Section 15 of the Equality Act states that employers discriminate against a disabled person if they treat them unfavourably because of something arising in consequence of their disability and they cannot justify it. In Crime Reduction Initiatives (CRI) v Lawrence the Employment Appeal Tribunal (EAT) held that a purely procedural question is not relevant when considering a justification defence.
Ms Lawrence had worked for CRI as a team leader since November 2006. Although she had taken time off with work-related stress and depression in the past, CRI was not aware that she was suffering from a disability until a few months after she went off sick in April 2011. She was seen by occupational health in July who reported that she was suffering from post-natal depression, that it was a long-term disability and she was not fit to return to work or undertake interim duties.
CRI invited her to a meeting to discuss her capability in November but, due to an error by the HR department, the letter was couched in terms of a disciplinary procedure. She e-mailed in advance to say she would find it too upsetting to attend but that her employer should proceed without her. She was dismissed on the grounds of ill-health.

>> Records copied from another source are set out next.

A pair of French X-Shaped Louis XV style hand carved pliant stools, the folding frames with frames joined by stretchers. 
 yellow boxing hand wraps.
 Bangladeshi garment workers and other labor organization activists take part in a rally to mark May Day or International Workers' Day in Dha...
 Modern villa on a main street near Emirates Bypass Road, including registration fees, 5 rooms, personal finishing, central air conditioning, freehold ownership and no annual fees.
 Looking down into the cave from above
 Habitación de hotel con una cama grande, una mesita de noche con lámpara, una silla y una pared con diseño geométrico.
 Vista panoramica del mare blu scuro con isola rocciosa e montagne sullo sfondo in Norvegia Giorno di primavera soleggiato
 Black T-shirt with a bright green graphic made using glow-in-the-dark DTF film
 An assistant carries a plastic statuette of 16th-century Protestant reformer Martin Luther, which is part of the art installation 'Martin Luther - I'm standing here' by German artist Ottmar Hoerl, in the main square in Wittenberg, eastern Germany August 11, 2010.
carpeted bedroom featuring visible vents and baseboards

Ms Lawrence claimed unfair dismissal and disability discrimination.
The tribunal decided that Ms Lawrence had been intimidated by the tone and content of the letter, which discouraged her from attending and telling her side of the story. As she had not been properly consulted in advance of the meeting where the decision to dismiss her was taken, it held that she had been unfairly dismissed.
Although it was clear that her dismissal arose out of her disability, it then had to consider whether it was “a proportionate means of achieving a legitimate aim” under section 15 of the Equality Act. The tribunal decided that it was not. By sending a letter which suggested she was being invited to a disciplinary hearing, Ms Lawrence had been deprived of the chance to be consulted.
At the remedy hearing the tribunal awarded a basic award of £2780 in respect of the unfair dismissal based on the fact that even if Ms Lawrence had attended the hearing she would still have been dismissed. In terms of her disability claim the tribunal found that the failure to give proper notice of dismissal amounted to indirect discrimination. As this was unintentional and due to clumsy wording of the letter it awarded injury to feelings of £750.
The EAT allowed the appeal, holding that it was bound by the decisions in HM Prison Service v Johnson and Belfast City Council v Miss Behavin’ Ltd which made clear that purely procedural questions were irrelevant when dealing with the issue of justification.
In this case, the wording of the letter related to “process and procedure” and not to the substantive decision to dismiss. Once the tribunal had found that dismissal was a legitimate aim and inevitable, it was irrelevant in terms of the discrimination claim that the letter inviting Ms Lawrence to the meeting was wrongly worded and discouraged her from going.
The EAT also set aside the award of £750 as the tribunal had set out the reason for its decision in relation to remedy which was different to its decision on liability. The remedy of £750 did not therefore follow from the findings in the liability hearing. As there was no arguable claim for discrimination based solely on the letter, it decided not to send the case back to the original tribunal and set the award aside.